Segment Start: RECORDED INFORMATION
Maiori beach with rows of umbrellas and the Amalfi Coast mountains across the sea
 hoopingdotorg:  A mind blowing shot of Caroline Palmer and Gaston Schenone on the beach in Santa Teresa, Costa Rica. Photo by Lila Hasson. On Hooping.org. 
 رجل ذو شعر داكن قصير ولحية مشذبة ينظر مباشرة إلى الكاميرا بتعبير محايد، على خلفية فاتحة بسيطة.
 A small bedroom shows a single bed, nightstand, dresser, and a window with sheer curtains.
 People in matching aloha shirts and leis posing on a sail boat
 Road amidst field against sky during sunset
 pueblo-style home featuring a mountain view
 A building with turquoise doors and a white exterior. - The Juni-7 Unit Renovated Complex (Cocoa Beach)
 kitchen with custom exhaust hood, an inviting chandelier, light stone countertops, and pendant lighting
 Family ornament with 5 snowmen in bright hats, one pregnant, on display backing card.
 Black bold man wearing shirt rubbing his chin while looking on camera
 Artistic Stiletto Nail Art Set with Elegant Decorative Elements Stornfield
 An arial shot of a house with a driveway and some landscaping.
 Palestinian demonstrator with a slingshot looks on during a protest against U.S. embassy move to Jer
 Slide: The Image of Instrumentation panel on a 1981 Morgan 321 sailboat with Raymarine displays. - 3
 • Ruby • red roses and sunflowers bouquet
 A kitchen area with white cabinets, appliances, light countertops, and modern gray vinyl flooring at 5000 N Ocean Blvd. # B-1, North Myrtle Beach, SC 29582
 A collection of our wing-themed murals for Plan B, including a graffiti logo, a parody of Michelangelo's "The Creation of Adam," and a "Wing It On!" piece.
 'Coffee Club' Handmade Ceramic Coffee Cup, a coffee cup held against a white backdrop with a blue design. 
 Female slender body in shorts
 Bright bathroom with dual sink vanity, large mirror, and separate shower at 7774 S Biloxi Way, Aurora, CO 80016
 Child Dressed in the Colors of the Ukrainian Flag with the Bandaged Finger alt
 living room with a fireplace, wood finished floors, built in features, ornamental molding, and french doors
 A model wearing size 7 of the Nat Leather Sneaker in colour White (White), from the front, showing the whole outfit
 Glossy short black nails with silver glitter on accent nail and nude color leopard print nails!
Segment End: RECORDED INFORMATION
- PROBLEM STATEMENT: Here the goal is to repeat each entry exactly.

- RESPONSE BELOW:
Maiori beach with rows of umbrellas and the Amalfi Coast mountains across the sea
 hoopingdotorg:  A mind blowing shot of Caroline Palmer and Gaston Schenone on the beach in Santa Teresa, Costa Rica. Photo by Lila Hasson. On Hooping.org. 
 رجل ذو شعر داكن قصير ولحية مشذبة ينظر مباشرة إلى الكاميرا بتعبير محايد، على خلفية فاتحة بسيطة.
 A small bedroom shows a single bed, nightstand, dresser, and a window with sheer curtains.
 People in matching aloha shirts and leis posing on a sail boat
 Road amidst field against sky during sunset
 pueblo-style home featuring a mountain view
 A building with turquoise doors and a white exterior. - The Juni-7 Unit Renovated Complex (Cocoa Beach)
 kitchen with custom exhaust hood, an inviting chandelier, light stone countertops, and pendant lighting
 Family ornament with 5 snowmen in bright hats, one pregnant, on display backing card.
 Black bold man wearing shirt rubbing his chin while looking on camera
 Artistic Stiletto Nail Art Set with Elegant Decorative Elements Stornfield
 An arial shot of a house with a driveway and some landscaping.
 Palestinian demonstrator with a slingshot looks on during a protest against U.S. embassy move to Jer
 Slide: The Image of Instrumentation panel on a 1981 Morgan 321 sailboat with Raymarine displays. - 3
 • Ruby • red roses and sunflowers bouquet
 A kitchen area with white cabinets, appliances, light countertops, and modern gray vinyl flooring at 5000 N Ocean Blvd. # B-1, North Myrtle Beach, SC 29582
 A collection of our wing-themed murals for Plan B, including a graffiti logo, a parody of Michelangelo's "The Creation of Adam," and a "Wing It On!" piece.
 'Coffee Club' Handmade Ceramic Coffee Cup, a coffee cup held against a white backdrop with a blue design. 
 Female slender body in shorts
 Bright bathroom with dual sink vanity, large mirror, and separate shower at 7774 S Biloxi Way, Aurora, CO 80016
 Child Dressed in the Colors of the Ukrainian Flag with the Bandaged Finger alt
 living room with a fireplace, wood finished floors, built in features, ornamental molding, and french doors
 A model wearing size 7 of the Nat Leather Sneaker in colour White (White), from the front, showing the whole outfit
 Glossy short black nails with silver glitter on accent nail and nude color leopard print nails!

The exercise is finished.